And I feel like crap.
And my knees hurt.
And I’m irritated with myself for gaining 10 pounds back.
But! And this is the huge caveat for myself: BUT, I am not in a self-loathing moment. And that is saying a lot for me.
Sure, I’m frustrated but it’s more about not managing my time correctly than it is about feeling ugly about my body. Because I don’t. I don’t hate my body. I DO hate it when my knees hurt and I DO hate it when I’m tired but I don’t hate my belly or my ass or my thighs. That’s a WIN.
I have been geeking out a lot lately. Working on various web projects, working overtime at work, and reading. I don’t manage my time effectively! And there might be a dash of avoidance in all of this geekery I’ve been pursuing lately.

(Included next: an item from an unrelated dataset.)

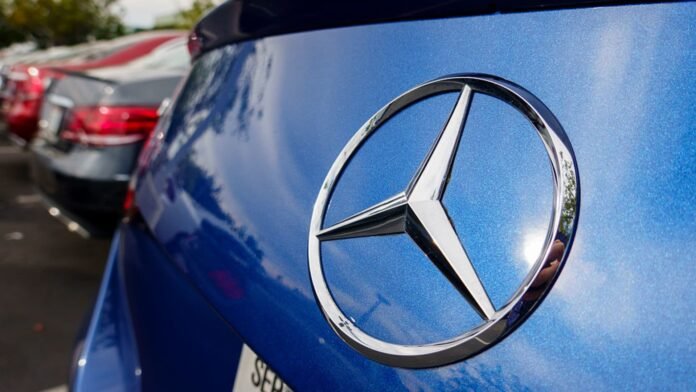 Senate panel advances China auto bill that could bar Mercedes-Benz from U.S.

It occurred to me that losing weight takes a lot of energy. Not just to work out regularly but to make and plan meals and to just stop and think every single time you are about to put something in your mouth. Having to focus on yourself so much is uncomfortable if you are a girl like me who lives in “people pleasing” mode where I am the last in line for my own energy.
This week, I am going to plan my time and see what happens. I am going to plan my meals, make a workout schedule, plan my snacks, and slot some much-needed time to geek out. I think if I have a schedule and stick to it, I’ll be more likely to get back on my plan. We’ll see.
Tonight when I fix dinner, I’ll lay out my lunch for tomorrow. Cause everything is about double duty, right? While making dinner, you fix lunch for the next day. While working out on the bike, you jot down ideas in your notebook for new web projects. While updating your blog, you are catching up on listening to your favorite podcasts.
I hear Montel Jordan in the background: “This is how we doooo it.”